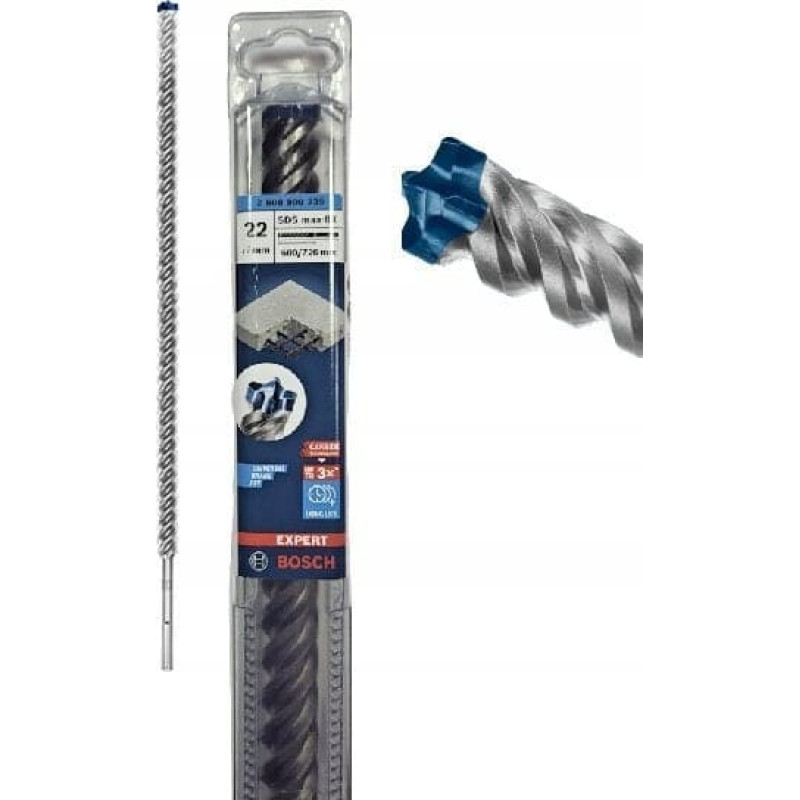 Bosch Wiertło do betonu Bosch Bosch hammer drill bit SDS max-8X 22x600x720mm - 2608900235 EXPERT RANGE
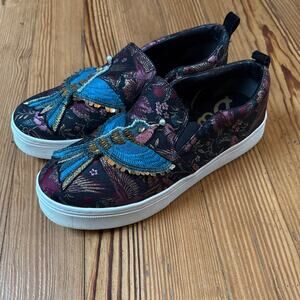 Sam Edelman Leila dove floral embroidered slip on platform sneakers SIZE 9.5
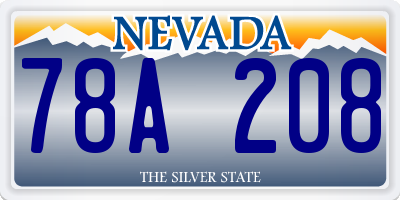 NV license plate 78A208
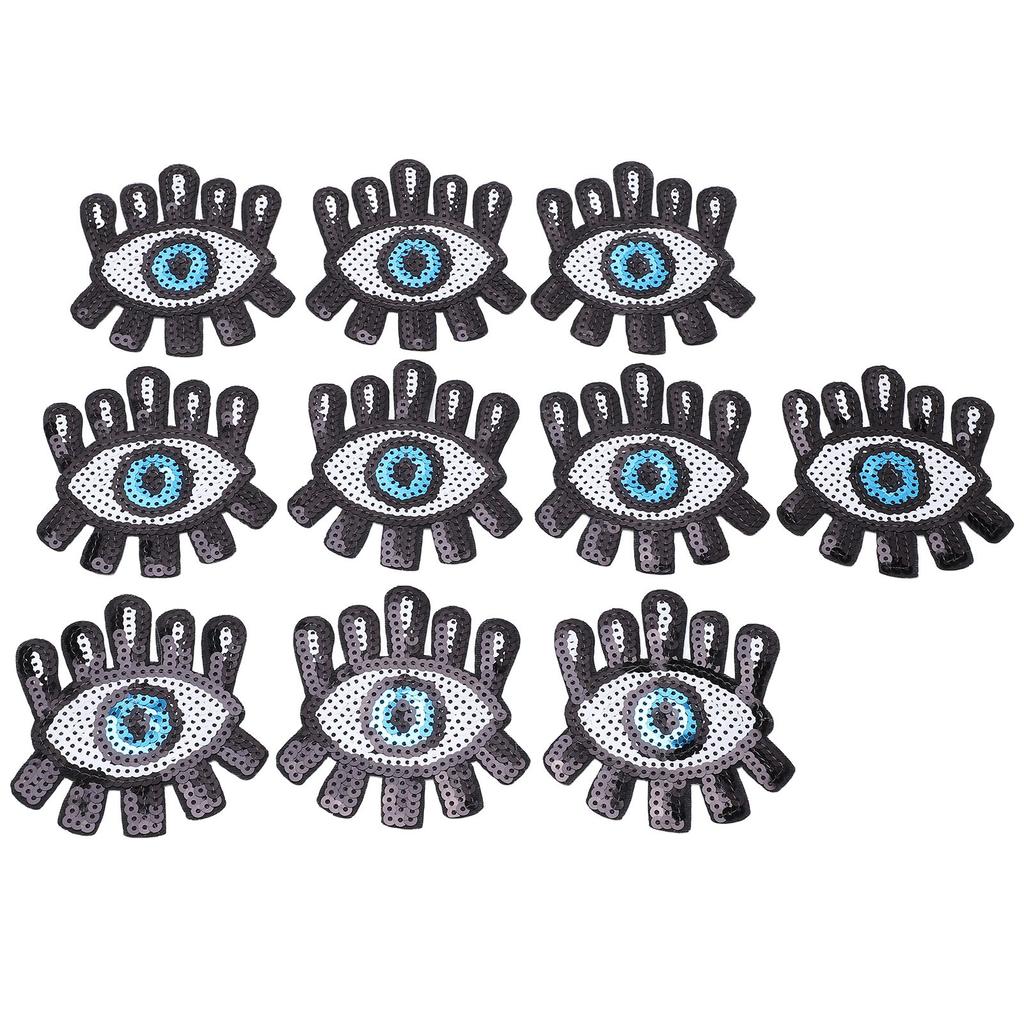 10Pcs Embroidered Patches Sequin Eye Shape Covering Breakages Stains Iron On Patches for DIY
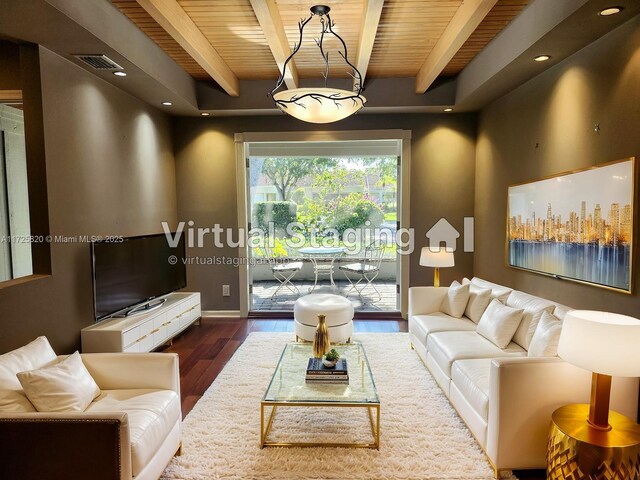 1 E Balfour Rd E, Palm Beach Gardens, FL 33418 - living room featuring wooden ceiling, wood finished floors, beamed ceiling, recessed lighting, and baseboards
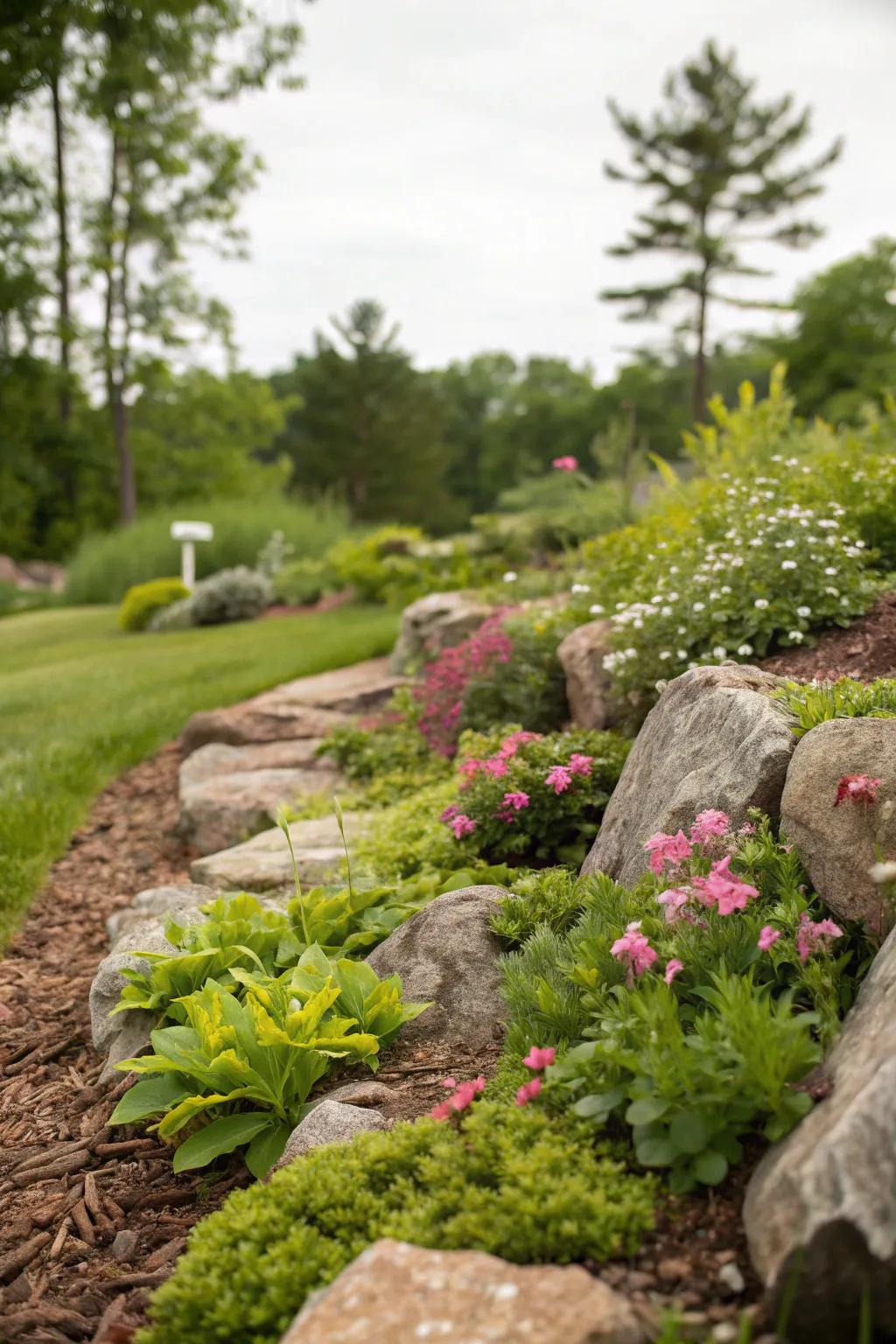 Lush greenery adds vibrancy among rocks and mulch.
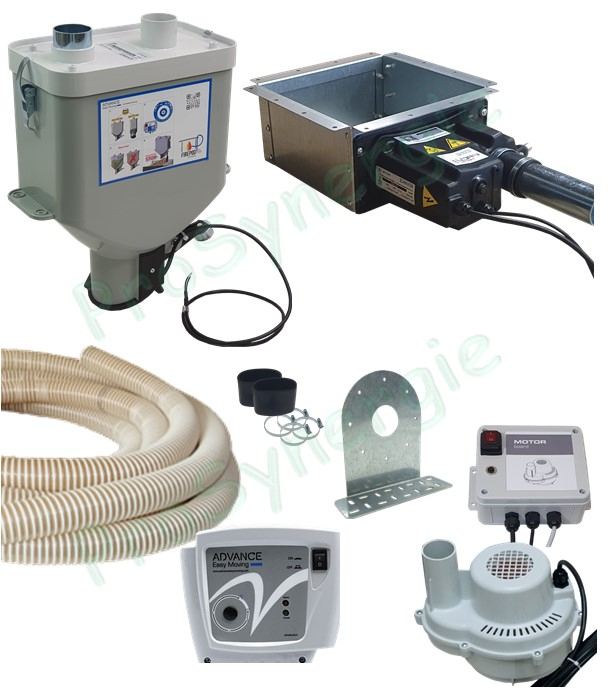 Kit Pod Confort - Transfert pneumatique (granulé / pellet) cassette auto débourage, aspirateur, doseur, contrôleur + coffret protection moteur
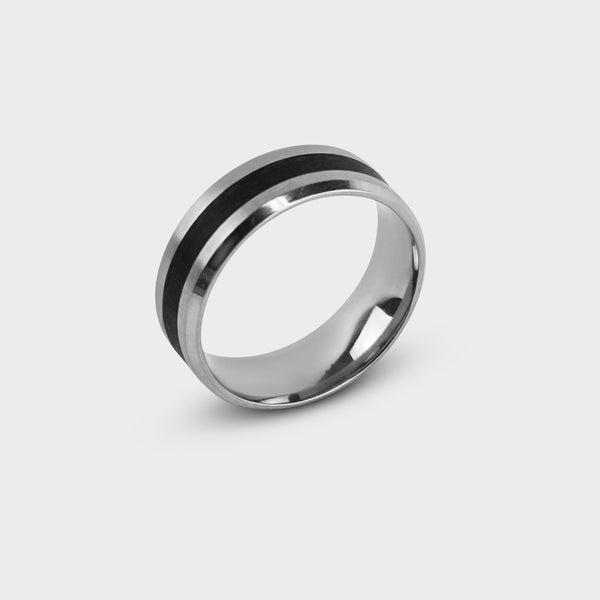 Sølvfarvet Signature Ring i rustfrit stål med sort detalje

####

DIRECTIONS FOR THIS TASK:
Print each entry shown above with exact wording and no pictures.

ANSWER BOX:
 Bosch Wiertło do betonu Bosch Bosch hammer drill bit SDS max-8X 22x600x720mm - 2608900235 EXPERT RANGE
 Sam Edelman Leila dove floral embroidered slip on platform sneakers SIZE 9.5
 NV license plate 78A208
 10Pcs Embroidered Patches Sequin Eye Shape Covering Breakages Stains Iron On Patches for DIY
 1 E Balfour Rd E, Palm Beach Gardens, FL 33418 - living room featuring wooden ceiling, wood finished floors, beamed ceiling, recessed lighting, and baseboards
 Lush greenery adds vibrancy among rocks and mulch.
 Kit Pod Confort - Transfert pneumatique (granulé / pellet) cassette auto débourage, aspirateur, doseur, contrôleur + coffret protection moteur
 Sølvfarvet Signature Ring i rustfrit stål med sort detalje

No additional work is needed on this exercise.